Et cet index trempé dans une encre bleu pâle, de ce bleu des volets et des moucharabieh de Sidi Bou Saïd, ils le pointaient vers le ciel non pas comme un vilain doigt d’honneur, mais comme on lève une main ouverte pour saluer à la ronde ou pour esquisser l’avenir.
Pour beaucoup d’entre eux ce fut comme si le printemps, le fameux printemps arabe, s’offrait, hors saison, un petit revenez-y. Un point d’orgue, en tout cas, après un parcours citoyen malaisé, mais en définitive réussi.
Alors, même si les résultats de ces élections sont ce qu’ils sont, choisissons d’en considérer les promesses plutôt que les menaces.
On peut certes dire parfois de la démocratie ce que Mao disait de la révolution : « ce n’est pas un dîner de gala, ce n’est pas comme si on écrivait un essai, peignait un tableau ou brodait une fleur. Elle ne peut s’accomplir avec autant de raffinement, d’aisance ou d’élégance… ». Mais cela ne devrait décourager personne. « L’espoir luit comme un brin de paille » dit le poète. C’est lui qu’il faut citer.
Bien entendu il ne s’agit pas de gommer les islamistes du paysage.
Ils sont bien là et comment ! Les modérés comme les fondamentalistes, les doux comme les sévères, en un éventail de tendances et d’ambitions plus ou moins affichées ou plus ou moins sournoises.
Ce qui signifie que, pour nous qui n’avons que les vertus démocratiques à la bouche, il faudra faire avec. S’accommoder des imprégnations de l’Islam, de ses ambiguïtés, des raisons pour lesquelles il attire les électeurs comme l’aimant la limaille.

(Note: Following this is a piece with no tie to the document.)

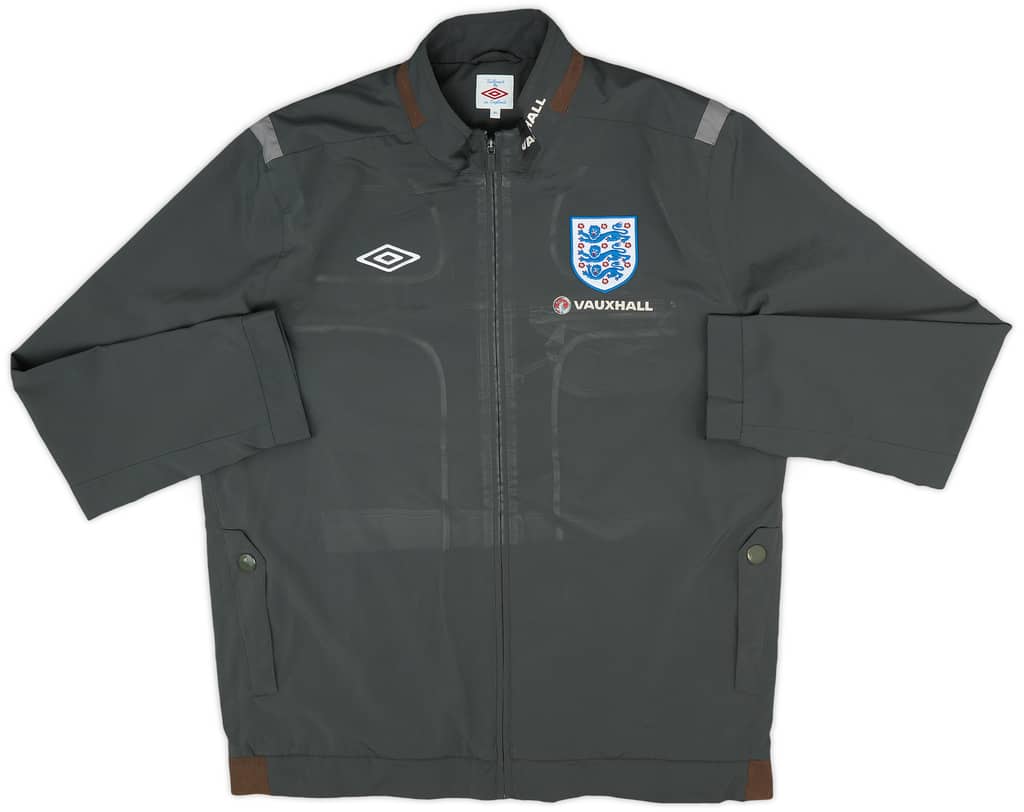 2012-13 England Umbro Track Jacket - 7/10 - (XL)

Certes, il ne faudra pas se laisser duper mais au contraire lutter, sans mettre notre drapeau en poche, lorsque cette religion, comme d’autres, prétendra soumettre l’entièreté des sociétés civiles à ses diktats, à ses dogmes, à sa charia.
Cette lutte sera plus facile en Tunisie puisqu’elle sera clairement prise en compte par une société déjà mobilisée. Et dont certaines composantes – les femmes, les classes moyennes, l’intelligentsia… – ont fait savoir clairement qu’elles sont motivées et résolues. A charge pour elles d’intégrer l’Islam de la manière la plus pertinente, c’est-à-dire la moins contraignante pour les non-musulmans. De définir son statut. De lui faire renoncer à un fondamentalisme corrosif.
C’est jouable, même si c’est loin d’être joué. Mais la Turquie nous indique, plutôt que l’Iran, que même si la porte est étroite, on peut s’y glisser.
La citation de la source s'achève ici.